Allow stata to read arrow files

opensafely-core / stata-docker

Builds the opensafely stata docker image.

0 stars 0 forks source link

Allow stata to read arrow files #23

Closed rebkwok closed 1 year ago

rebkwok commented 1 year ago

See https://github.com/opensafely-core/databuilder/issues/794

Adds an arrowload command to allow stata to read arrow files, via a python script.

libraries/arrowload.ado provides the arrowload command; all it does is call the python script at python_scripts/load_arrow.py.

It's called with:

. arrowload /path/to/arrow/file

It can optionally be passed a value to use for setting the batch size when writing the records to the stata dataset.

The strategy taken is more or less as suggested by @evansd here: https://github.com/opensafely-core/databuilder/issues/794#issuecomment-1438474592, and borrows heavily from readit, but for arrow files only, using pyarrow.

rebkwok commented 1 year ago

I've tested this reading .feather output from cohort-extractor and .arrow output from databuilder

rebkwok commented 1 year ago

There's a bug that I've just noticed (I've been trying this with arrow files from the initiative 1 studies).
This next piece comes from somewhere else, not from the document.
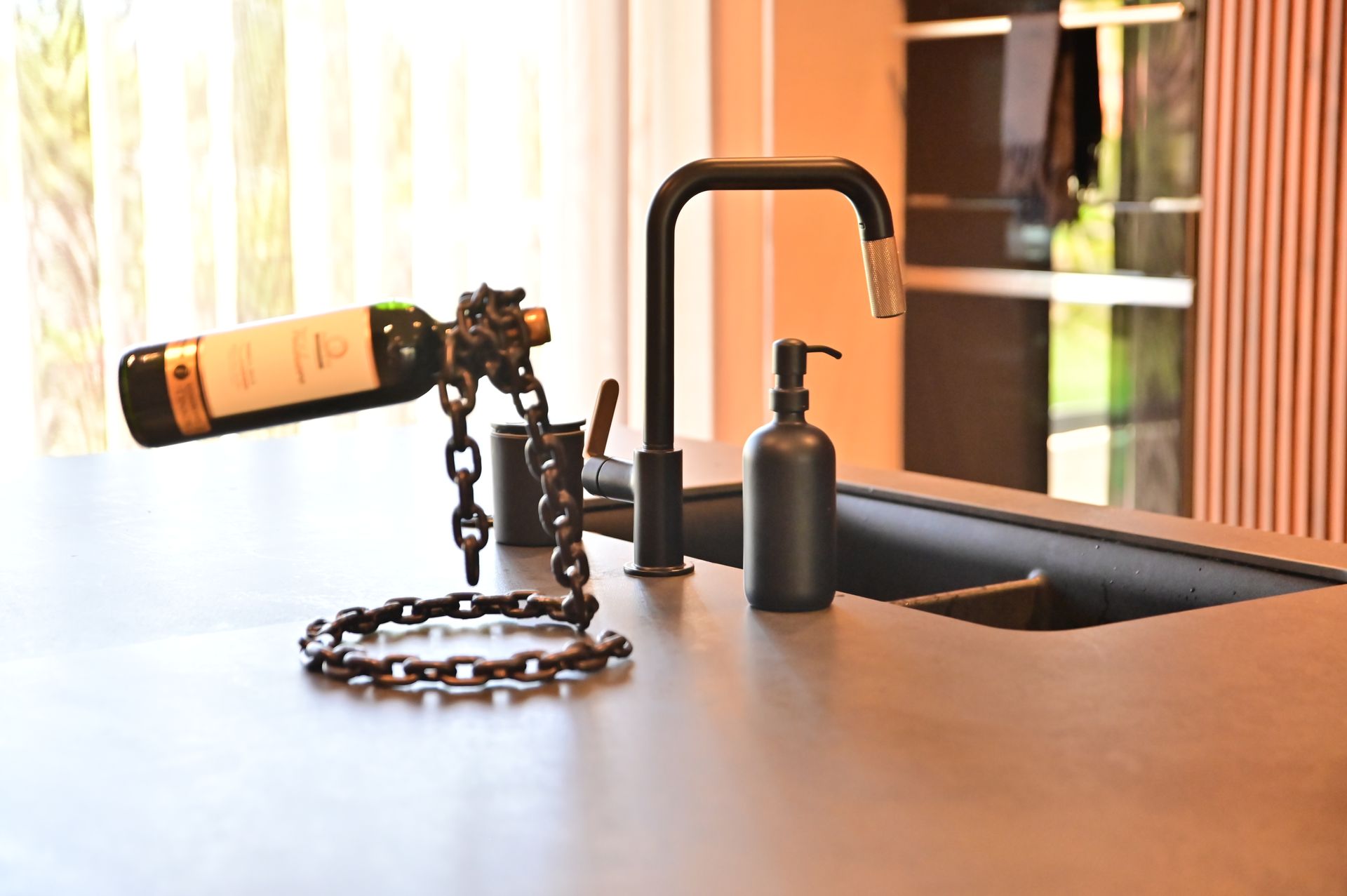 Wine bottle in a metal chain holder on a kitchen counter with a black faucet and soap dispenser.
Stata has a limit of 32 characters for variable names, and the sfi.SFIToolkit.strToName method I've used to clean the names just truncates them if they're too long. So when a study has lots of iterations over visits/events etc, and has variable names like is_opted_out_of_nhs_data_share_1, is_opted_out_of_nhs_data_share_2 etc the name-cleaning results in duplicate column names, which means it drops some columns.

I'm not sure what the best solution is - it could raise an error if the name-cleaning results in duplicate names, or if any names are >32 characters, and just prompt users to rename their variables to shorter names. Or I can do something to generate unique names, by truncating them in some way and adding an incremental suffix, but depending on how the variables were named in the first place, that could result in variables that aren't easily matched up to the ones in the input file.

rebkwok commented 1 year ago

This is now ready for review again:

made the command take optional arguments properly
option to load an aliases csv file and errors for invalid variable names
added a help file

rebkwok commented 1 year ago

@evansd I think this is ready for review again. I've addressed all of your comments, and done some more re-working after I made some more comprehensive test files and found bugs and slow things (esp the date/timestamp conversions). So I'm afraid it pretty much needs an entire re-review. I've kept all the incremental commits, which I think make reasonably logical sense.